Ouais, je sais, je ne comptais pas le faire mais voilà: il y a tellement de commentaires ironiques, haineux ou tout simplement injustifiés sur la Bible que je me suis dit que le point de vue d'un gars qui l'a entièrement lue, sans a priori, ne serait peut-être pas superflu. Ouais, je parle de moi...


Vous vous demandez certainement comment un type normal peut avoir envie de lire ce pavé indigeste à notre époque ? Tout d'abord, sachez que je ne suis pas normal. Ensuite je dirais qu'il y a trois raisons:


1) Parce que je fais partie d'une catégorie de gens qui n'arrêtent pas de se prendre la tête sur le sens de la vie et qui cherchent des réponses un peu partout, dans toutes les philosophies/religions/mythologies encore accessibles. Difficile dans ce cas d'éviter la Bible...
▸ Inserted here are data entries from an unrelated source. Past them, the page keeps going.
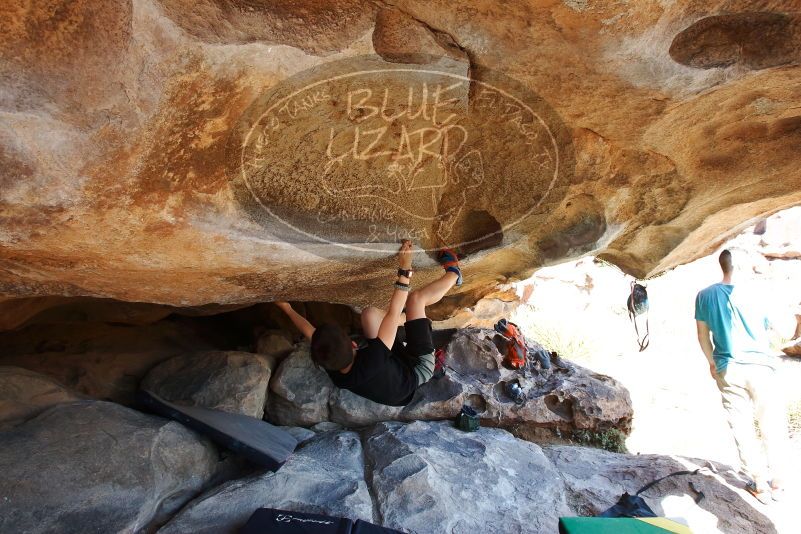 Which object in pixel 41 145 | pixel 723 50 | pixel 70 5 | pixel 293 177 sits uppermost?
pixel 723 50

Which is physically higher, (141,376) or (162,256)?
(162,256)

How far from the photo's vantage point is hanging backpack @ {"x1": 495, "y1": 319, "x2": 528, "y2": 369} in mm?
4590

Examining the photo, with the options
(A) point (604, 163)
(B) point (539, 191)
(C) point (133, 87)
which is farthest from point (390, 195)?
(C) point (133, 87)

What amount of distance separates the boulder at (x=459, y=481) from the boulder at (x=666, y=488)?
0.18m

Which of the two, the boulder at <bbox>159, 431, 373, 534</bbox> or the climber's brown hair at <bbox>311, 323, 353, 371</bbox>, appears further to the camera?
the climber's brown hair at <bbox>311, 323, 353, 371</bbox>

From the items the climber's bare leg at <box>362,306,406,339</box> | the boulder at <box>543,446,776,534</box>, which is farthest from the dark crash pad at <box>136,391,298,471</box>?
the boulder at <box>543,446,776,534</box>

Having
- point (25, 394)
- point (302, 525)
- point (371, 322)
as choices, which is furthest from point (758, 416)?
point (25, 394)

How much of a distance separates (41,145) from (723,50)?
7.74ft

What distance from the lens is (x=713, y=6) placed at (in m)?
1.66

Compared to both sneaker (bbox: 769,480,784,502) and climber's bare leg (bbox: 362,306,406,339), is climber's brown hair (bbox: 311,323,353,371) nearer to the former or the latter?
climber's bare leg (bbox: 362,306,406,339)

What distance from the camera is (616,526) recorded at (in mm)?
2049

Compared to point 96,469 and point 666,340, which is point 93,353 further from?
point 666,340

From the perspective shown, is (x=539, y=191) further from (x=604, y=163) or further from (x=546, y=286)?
(x=546, y=286)

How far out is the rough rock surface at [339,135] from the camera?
1.49m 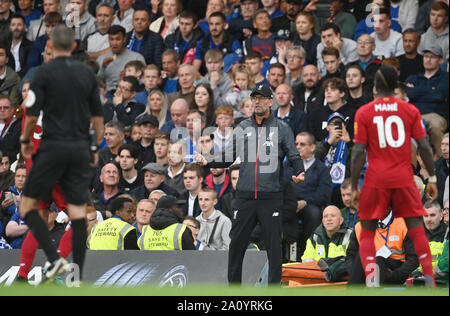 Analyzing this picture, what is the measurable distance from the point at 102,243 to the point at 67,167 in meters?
3.57

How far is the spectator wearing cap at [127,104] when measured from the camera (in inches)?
605

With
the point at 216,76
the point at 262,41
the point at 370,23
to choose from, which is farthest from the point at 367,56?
the point at 216,76

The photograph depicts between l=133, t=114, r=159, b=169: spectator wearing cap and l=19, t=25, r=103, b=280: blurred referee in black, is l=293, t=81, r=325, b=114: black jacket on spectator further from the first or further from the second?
l=19, t=25, r=103, b=280: blurred referee in black

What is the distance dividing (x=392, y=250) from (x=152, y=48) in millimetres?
7762

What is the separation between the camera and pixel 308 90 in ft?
47.2

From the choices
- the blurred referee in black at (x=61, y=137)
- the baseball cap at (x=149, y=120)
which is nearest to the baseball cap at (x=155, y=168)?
the baseball cap at (x=149, y=120)

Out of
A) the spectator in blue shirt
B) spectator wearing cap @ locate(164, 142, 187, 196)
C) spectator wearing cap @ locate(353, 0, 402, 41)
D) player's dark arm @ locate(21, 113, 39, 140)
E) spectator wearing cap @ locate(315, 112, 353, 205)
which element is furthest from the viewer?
the spectator in blue shirt

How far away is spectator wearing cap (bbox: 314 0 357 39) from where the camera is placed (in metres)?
15.6

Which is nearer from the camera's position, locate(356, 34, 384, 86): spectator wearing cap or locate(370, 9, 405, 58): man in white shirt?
locate(356, 34, 384, 86): spectator wearing cap

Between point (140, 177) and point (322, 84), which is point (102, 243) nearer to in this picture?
point (140, 177)

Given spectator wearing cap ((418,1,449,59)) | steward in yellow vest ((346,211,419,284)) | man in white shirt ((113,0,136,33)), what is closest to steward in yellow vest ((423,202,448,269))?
steward in yellow vest ((346,211,419,284))

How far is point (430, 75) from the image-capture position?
542 inches

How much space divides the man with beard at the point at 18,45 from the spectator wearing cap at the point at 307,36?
562 cm

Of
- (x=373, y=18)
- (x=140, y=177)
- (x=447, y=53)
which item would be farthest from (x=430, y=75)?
(x=140, y=177) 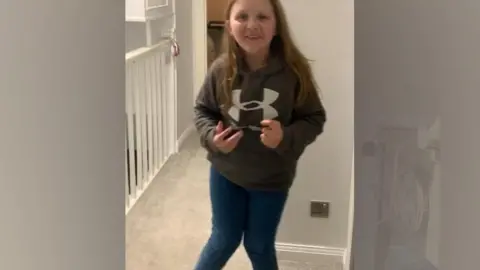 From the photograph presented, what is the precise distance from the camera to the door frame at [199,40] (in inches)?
198

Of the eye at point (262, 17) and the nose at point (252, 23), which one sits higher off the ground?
the eye at point (262, 17)

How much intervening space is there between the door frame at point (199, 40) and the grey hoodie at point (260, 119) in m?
3.07

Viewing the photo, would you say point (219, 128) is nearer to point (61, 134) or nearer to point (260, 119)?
point (260, 119)

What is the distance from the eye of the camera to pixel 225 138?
186cm

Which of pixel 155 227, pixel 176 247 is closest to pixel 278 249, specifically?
pixel 176 247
2) Par curiosité intellectuelle. Comment prétendre connaître réellement l'Histoire de l'Humanité sans prendre connaissance des écrits qui ont nourri spirituellement et socialement l'Occident et une partie de l'Orient pendant des millénaires ? Pour faire simple, l'Europe telle qu'elle commença à germer au Moyen-âge n'aurait tout simplement pas existé sans la religion comme facteur de rassemblement.


3) Par défi. Ça m'a quand même pris presque deux ans, nom de Dieu !


Les circonstances étant établies, passons à l'essentiel: est-ce que ça valait le coup ? Clairement oui.


Alors d'accord, c'est parfois franchement chiant. Y'a plein de parties dans la Bible qui sont une véritable torture: je veux parler de l'énumération. C'est tout de même un fameux tic de l'Antiquité ça, mine de rien. Ça me fait penser aux "chapitres" les plus laborieux de l'Iliade d'Homère. La première fois que ça arrive, c'est lorsqu'on nous donne toutes les indications nécessaires pour construire un "temple portatif", très utile pour recueillir l'Arche d'Alliance quand on se la trimbale 40 ans dans le Désert. Il y a aussi toutes ces lois, indispensables pour structurer la vie des Hébreux de jadis. C'est long et presque désespérant. N'oublions pas les passages qui se répètent (Chroniques/Rois) et d'autres qui tournent en rond avec les mêmes idées (généralement le fait qu'Israël s'est détourné de YHWH, répété 1000 fois dans les Psaumes).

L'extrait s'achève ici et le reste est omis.